| name | knowledge-base |
| description | Capture, organize, and retrieve operational knowledge + saved web content in a local `knowledge/` directory indexed by QMD. Use for “save this link”, “add to KB”, “remember this”, or “search KB”. |
| metadata | {"openclaw":{"emoji":"📚","requires":{"bins":["qmd"]}}} |
Knowledge Base
Two overlapping functions:
- Operational knowledge — tool quirks, API gotchas, runbooks, decision rationale
- URL/content archive — save articles, YouTube transcripts, PDFs, threads
Everything lives in knowledge/ and is indexed by QMD for fast keyword + semantic search.
Routing
- ✅ Use when the user says: “save this”, “add to KB”, “remember this”, “document this”, “search KB”.
- ❌ Don’t use for simple web-page extraction if the user just wants the answer now → use
web_fetch directly.
Quick start
1) Create the directory scaffold (recommended)
Copy templates into your OpenClaw workspace:
rsync -av templates/knowledge/ ~/.openclaw/workspace/knowledge/
2) Ingest a URL
From your workspace root:
python3 skills/knowledge-base/scripts/ingest.py "https://example.com/article"

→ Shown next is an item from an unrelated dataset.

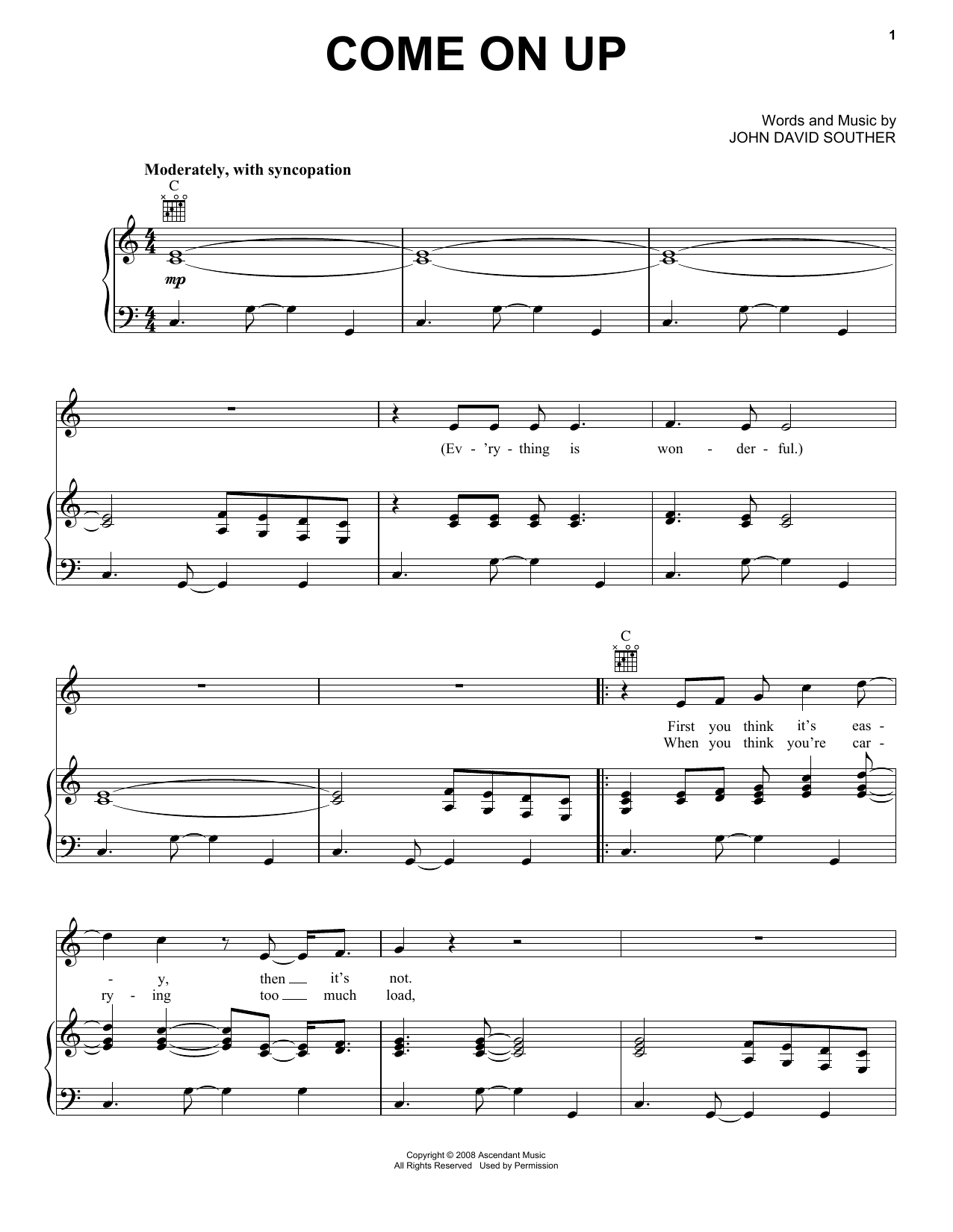 Download J.D. Souther Come On Up Sheet Music and learn how to play Piano, Vocal & Guitar (Right-Hand Melody) PDF digital score in minutes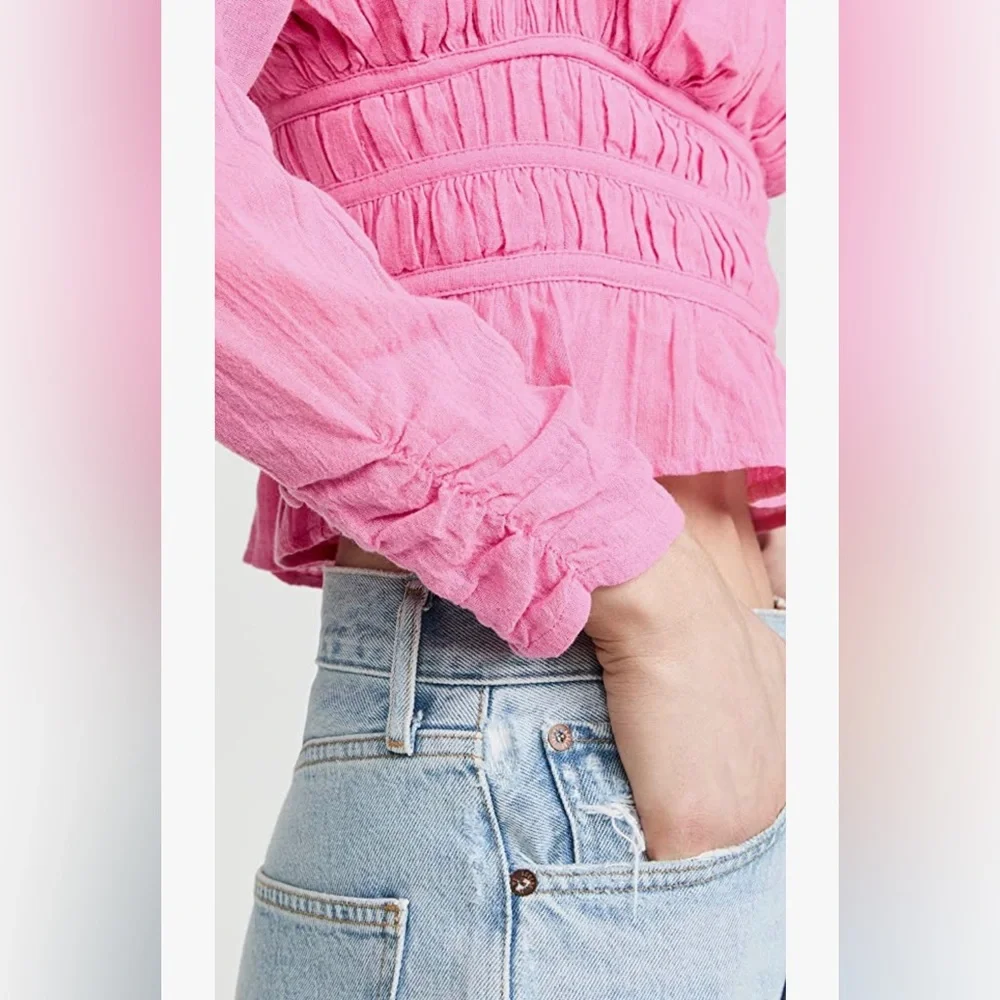 Free People Chloe Pink Crop Top NWT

python3 skills/knowledge-base/scripts/ingest.py "https://youtube.com/watch?v=..."
python3 skills/knowledge-base/scripts/ingest.py "https://example.com/file.pdf"
Optional metadata (skip LLM calls):
python3 skills/knowledge-base/scripts/ingest.py "<URL>" \
--title "Readable Title" \
--tags "rag,openclaw,workflows" \
--summary "Why this is worth saving"
3) Search
qmd search "meta ads" -c knowledge
qmd vsearch "how do we authenticate jira" -c knowledge
qmd query "slack block streaming" -c knowledge
Notes / Dependencies
- Works with no extra installs for basic HTML pages (urllib fallback).
- Better extraction if you install
trafilatura.
- YouTube transcripts: tries
youtube-transcript-api, falls back to yt-dlp if available.
- PDF text extraction: uses
pdftotext (Poppler).
Keep secrets out of the KB. For credentials, store them in a password manager / keychain and write where to find them, not the values.